= Financial Reform Division =

Government body in Victoria, Australia

The Financial Reform Division was part of the Department of Treasury and Finance, of the Government of Victoria, in the state of Victoria, Australia. The Financial Reform Division ceased to exist in 2009.

The Financial Reform Division leads and coordinates reforms to financial management approaches and systems to ensure Victoria remains at the forefront of public sector financial management. Current reform initiatives relate to

- operational frameworks for finance and resource management,
- legislation governing the management of public resources, and
- systems to support government decision-making through the collection and production of information and advice.

The Financial Reform Division's deputy secretary is Dean Yates.

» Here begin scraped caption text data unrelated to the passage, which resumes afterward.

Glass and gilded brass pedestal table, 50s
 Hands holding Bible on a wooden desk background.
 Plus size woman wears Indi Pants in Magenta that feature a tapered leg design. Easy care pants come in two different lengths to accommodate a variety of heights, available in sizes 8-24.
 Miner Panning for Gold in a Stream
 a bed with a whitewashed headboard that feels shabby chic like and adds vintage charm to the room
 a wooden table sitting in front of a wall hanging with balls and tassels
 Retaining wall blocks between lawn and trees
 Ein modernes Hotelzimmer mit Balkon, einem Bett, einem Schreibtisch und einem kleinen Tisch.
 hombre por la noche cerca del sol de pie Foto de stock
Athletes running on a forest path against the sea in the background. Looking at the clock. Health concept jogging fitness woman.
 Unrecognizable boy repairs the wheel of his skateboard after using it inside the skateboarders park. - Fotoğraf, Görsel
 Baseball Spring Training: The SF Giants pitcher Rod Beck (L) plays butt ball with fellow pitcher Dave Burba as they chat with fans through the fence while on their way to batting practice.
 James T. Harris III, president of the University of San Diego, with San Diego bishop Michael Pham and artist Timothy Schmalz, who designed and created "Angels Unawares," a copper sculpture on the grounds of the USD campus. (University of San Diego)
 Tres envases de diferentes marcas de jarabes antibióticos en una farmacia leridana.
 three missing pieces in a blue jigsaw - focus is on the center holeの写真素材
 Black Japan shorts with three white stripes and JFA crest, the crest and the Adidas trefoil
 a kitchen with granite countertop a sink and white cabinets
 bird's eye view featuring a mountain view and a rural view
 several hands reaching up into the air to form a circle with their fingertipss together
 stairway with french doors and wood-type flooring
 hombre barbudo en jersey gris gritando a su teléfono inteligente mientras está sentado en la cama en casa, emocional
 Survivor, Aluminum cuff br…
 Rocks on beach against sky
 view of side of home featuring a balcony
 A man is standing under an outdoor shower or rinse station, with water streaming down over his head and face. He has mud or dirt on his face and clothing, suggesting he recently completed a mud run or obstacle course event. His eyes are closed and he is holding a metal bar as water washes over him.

==A History of Public Finance in Victoria==
Program budgeting in Victoria (as well as in other states and countries) initially focused on inputs (such as the number of pens used, the number of phone calls made, etcetera) rather than outputs.

The 1980s and 1990s was a period of reflection about the effectiveness of the public service in carrying out its core functions. Reforms of this period aimed to make the public service more flexible, efficient, and responsive to government direction.

Modern public service became characterised by a stronger focus on objectives with performance being assessed on the basis of results. Private sector management and employment practices were commonly adopted in the public sector.

As of 2009, Victorian public finance still focused on outputs while many other jurisdictions were starting to focus on outcomes. The Victorian model's focus on delivering outputs instead of outcomes was part of a deliberate incremental strategy to emphasise outcomes once the output management framework was in place.

While Victorian public finance legislation does not require the specification of outcomes, in 2001 the Victorian Government released Growing Victoria Together, which sets out its long-term goals (or outcomes), including performance measures for social, environmental, and economic progress. Progress against these performance measures is reported annually in the Growing Victoria Together Progress Report published in the budget papers.

==The Public Finance Bill Project==
In October 2008, the Financial Reform Division released a discussion paper detailing its intended reform of financial management in Victoria. The reforms will see

- a focus on outcomes rather than outputs,
- a move to simplify the definition of entities, and
- an attempt to strengthen the relationship between the citizen and the state by increasing transparency and accountability.